In rural areas, a process called ecological treatment is sometimes applied to treat discharged sewage. These ecological treatment methods, which mainly utilize the diffusion of oxygen in nature to provide oxygen for biochemical reactions, are not essentially different from the conventional methods in terms of the mechanisms of sanitary drainage and pollution control. The main problems faced by this type of approach include: (1) the sewage mixed with various domestic discharges has higher pollutant concentration and larger water quantity, and more ecological resources such as land area and the like are needed for achieving qualified treatment; (2) the denitrification effect is poor. The existing ecological treatment mainly depends on a biochemical reaction mechanism of nitrification-denitrification for denitrification, the nitrification process needs abundant dissolved oxygen to participate, the denitrification process needs enough carbon source as an electron donor, and the conditions are difficult to realize under the existing ecological treatment method.

Third, the invention

The present invention first defines the blowdown wastewater and the wash wastewater. The sewage waste water is waste water discharged from human excrement and urine and high-concentration restaurant waste liquid or waste, and is basically characterized by high pollutant concentration and low water volume, and comprises more than about half of organic load and more than 90% of ammonia nitrogen, total nitrogen and total phosphorus load in domestic pollution, but the water volume only accounts for about 1/4 of the total domestic waste water. The washing wastewater refers to wastewater generated by various washing activities in life besides the sewage wastewater, mainly comprises bath water, washing water, kitchen washing water and the like, and is characterized by low pollutant concentration and large water quantity. The process of the invention is illustrated below:

(1) respectively discharging indoor domestic wastewater from a generated source according to the classification of sewage wastewater and washing wastewater; wherein the sewage wastewater is treated by a soil medium reactor method and is discharged underground on site; the soil medium reactor method is shown in the attached figure, and comprises, but is not limited to, a reactor 1 which is arranged in a soil layer below the ground and is filled with a filling medium including soil, and comprises a water distribution layer 2, an unsaturated reaction layer 3, a saturated reaction layer 4 and a water outlet control layer 5 from top to bottom; the inlet water passes through the unsaturated reaction layer 3, the saturated reaction layer 4 and the outlet water layer 5 in sequence under the action of the hydraulic dead weight and then leaves the reactor 1; the method for arranging the water distribution layer 2 is to lead in the inlet water and to evenly distribute the inlet water in the horizontal direction; the method for setting the unsaturated reaction layer 3 is to maintain the water vapor pressure in the unsaturated reaction layer to be less than the saturated water vapor pressure, and to effectively remove other pollutants except total nitrogen in the wastewater which continuously infiltrates into the saturated reaction layer 4 through the screening and intercepting action, the adsorption and absorption action of the filling medium and the physical and chemical actions of organisms including microorganisms, plants and soil animals, and to make the ammonia nitrogen partially nitrosate; the saturated reaction layer 4 is provided by a method of providing an effect of denitrification by anammox; the effluent control layer 5 is provided by controlling the effluent rate of the reactor to maintain the interface height of the saturated water in the reactor 1 relatively stable.

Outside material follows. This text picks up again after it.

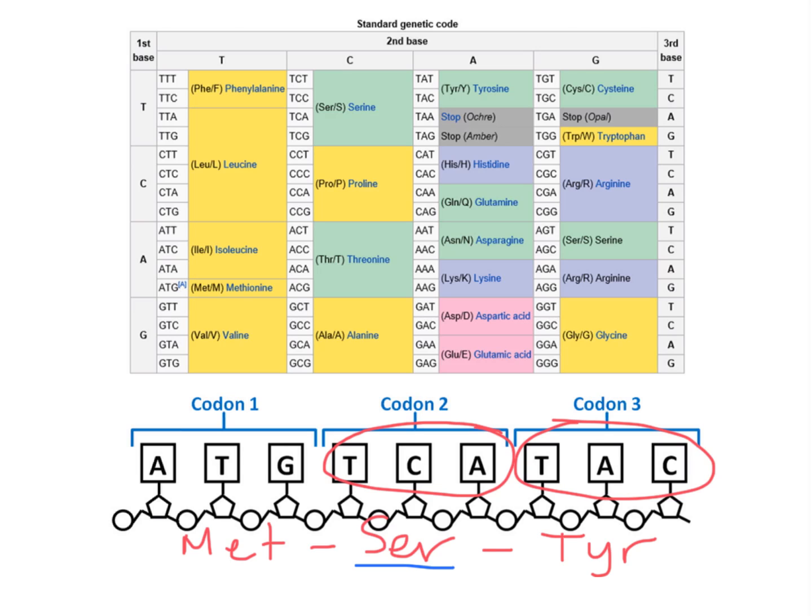However, if T is first, A is second, and C is third, it's tyrosine that's placed into the protein. It's the order or sequence of the nitrogen bases that determines what amino acid will be placed into the protein.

(2) The process as described in (1) including, but not limited to, discharging the effluent from the reactor 1 into the ground on site;

(3) the method as described in (1) includes, but is not limited to, disposing the packing surface 6 for closing the reactor in the vertical direction to control the water to permeate or permeate the reactor 1 in the horizontal direction;

(4) the method as described in (1) includes, but is not limited to, letting the waste water from the drainage source flow into the water distribution layer 1 completely by gravity;

(5) the method as in (1), including but not limited to, pretreating the waste water before the soil medium reactor, wherein the pretreatment includes but is not limited to anaerobic hydrolysis, removing sediment or scum;

(6) the method as described in (1) includes, but is not limited to, intermittently feeding water into the reactor 1 so that the unsaturated layer 5 is better maintained in an unsaturated water-containing state, or intermittently feeding waste sewage into the soil medium reactor 1 in a spontaneous intermittent drainage manner in case of intermittent generation of waste sewage;

(7) the method as described in (1), including but not limited to inoculating 2 with partially nitrosated species;

(8) the method as in (1), including but not limited to inoculating 4 with anammox bacteria.

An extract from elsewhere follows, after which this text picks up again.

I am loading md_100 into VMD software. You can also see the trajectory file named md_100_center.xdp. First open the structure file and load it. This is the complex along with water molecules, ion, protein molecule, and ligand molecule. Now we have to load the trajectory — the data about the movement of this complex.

(9) The method as described in (1) includes, but is not limited to, applying water-proof and heat-insulating measures to the soil medium reactor at the ground surface, preventing rainwater from being poured into the reactor, and insulating and heating the reactor 1 when the temperature is lowered.

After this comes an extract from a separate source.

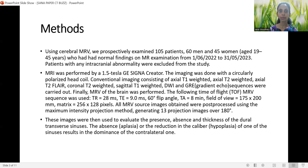Using cerebral MR venography, we prospectively examined 105 patients — 60 men and 45 women — aged between 19 to 45 years, who had normal findings on MR examination from 1st June 2022 to 31st May 2023. Patients with any intracranial abnormality were excluded from the study.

Description of the drawings

FIG. 1 is a schematic diagram of a soil media reactor construction process.

1-water distribution layer

2-unsaturated reaction layer

3-saturated reaction layer

4-Water egress control layer

5-wrapping surface

Fifth, the detailed description

The sewage and waste water discharge amount of 5 people living in a certain rural household is 100 liters/day, wherein the COD concentration is 1500 mg/L, the total nitrogen concentration is 280 mg/L, and the total phosphorus concentration is 40 mg/L, and the implementation method comprises the following steps:

in the first step, the sewage waste water and the washing waste water in the household are separately discharged, wherein the sewage waste water firstly flows into a septic tank with the effective volume of 500L, and the effluent of the septic tank automatically flows into a soil medium reactor which is adjacently arranged.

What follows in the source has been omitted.